On Thursday, the 15th May, the Secretary read out the President’s order appointing another member of the House, B Das, to perform the duties of the Speaker, till the election of the Speaker during the day. The Prime Minister moved G V Mavalankar’s name for the Speaker’s post and it was seconded by Minister of Parliamentary Affairs Satya Narayan Sinha.

A K Gopalan moved the name of Shankar Shantaram More for the Speaker’s post and it was seconded by T K Chaudhuri. In the contest that followed, Mavalankar won by getting 394 votes against More’s 55 votes.

Mavalankar was conducted to the Chair by the Prime Minister, Maulana Abul Kalam Azad and A K Gopalan. The Prime Minister said “Sir, It is a very high honour for any person to be, as Speaker, the head of this great Parliament and if I may say so, it is an honour and a privilege for us in the House to have you in that Chair.”

S S More (Sholapur) said “Sir, I congratulate you. I am the defeated candidate and yet none is happier on your election than myself. In the best traditions of Parliament, a gracious custom prevails by which where two candidates are proposed for the Speakership, each candidate votes for the other candidate. l have observed that custom by voting for you.”

A K Gopalan said “Mr Speaker, on behalf of the hon. Members belonging to the Communist Party, the single largest party in this Parliament on this side, I heartily greet you and congratulate you on this occasion because you have been elected as the Speaker.”

Replying to the felicitations, the Speaker said “this House is different from its predecessors. Uptill now, whatever our ideologies and notions of public welfare and the functions of Government, we were all engaged in dislodging the foreign rule in our land; we have been successful in achieving independence, and we are now masters of our own destinies.”

“But the very fact of the end of the foreign rule has brought to the forefront, the vast differences in ideologies; and though our objective is common, as defined in the Constitution, we differ widely and sharply as regards the ways and means. This is but natural, and in a sense necessary also, for any parliamentary Government to function properly and for the real benefit of the people,” he said.

He said “At the same time, each one of us has to remember that, howsoever great the difference in viewpoints and methods, we are all meeting here, as representatives of the nation, for one common cause, which is, in the language of the Preamble to the Constitution,“to secure to all its citizens, justice, liberty, equality and fraternity.”

“A parliamentary Government is described as Government by discussion.
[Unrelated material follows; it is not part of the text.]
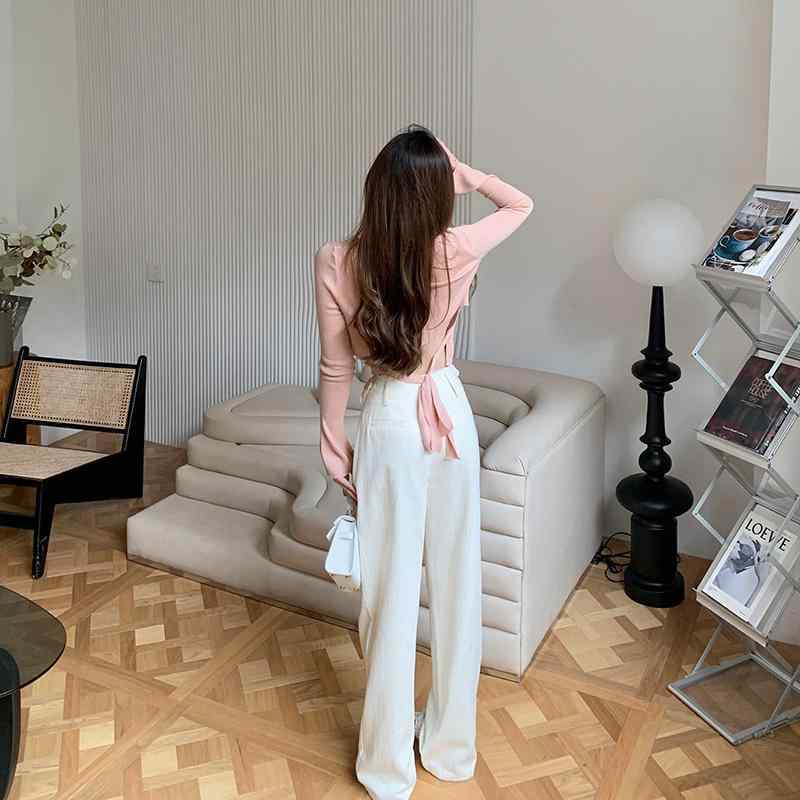 ニット レディース 春夏 長袖 ポロネック 喇叭袖 カーディガン トップス ポリエステル 無地 プルオーバー 螺纹 修身 通勤 普段使い ガーリー フェミニン かわいい 栀子粉 斑鸠灰绿 米杏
Every Member has the fullest liberty to express his own views, remembering that every other Member has the same liberty,” he said.

Replying to felicitations, the first Chairman of the Rajya Sabha, Dr Radhakrishnan said “A democracy is distinguished by the protection it gives to minorities. A democracy is likely to degenerate into tyranny if it does not allow the opposition groups to criticise fairly, freely and frankly the policies of the Government.”
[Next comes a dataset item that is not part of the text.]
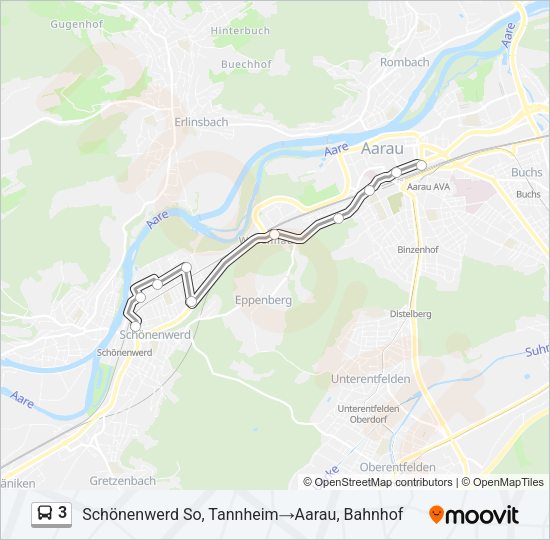 3 Bus Line Map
He said “But at the same time minorities also have their responsibilities. While they have every right to criticise, their right of criticism should not degenerate into wilful hampering and obstruction of the work of Parliament. All groups, therefore, have their rights, and have their responsibilities.”

The two Houses of Parliament met separately after a short interval after the President’s address. In the Lok Sabha, the Speaker said he had received three notices of three differently worded adjournment motions, two from K Subrahmanyam and one from A K Gopalan. They dealt with the question of food subsidies.

The Speaker said “The position is that so far as the importance of the matter is concerned, so far as the definiteness of the motions are concerned and so far as the urgency of the matter is concerned, I am in full agreement with the hon. Members, but the right to move adjournment motions has certain limitations. One of the limitations is that it should not anticipate a debate in the House.”

The Speaker said there will be a motion of thanks coming from the Government side in respect of the President’s Address, and the members could move amendments and bring up the subject they wanted to raise in the House. “Therefore, I do not think I should give my consent to these adjournment motions.”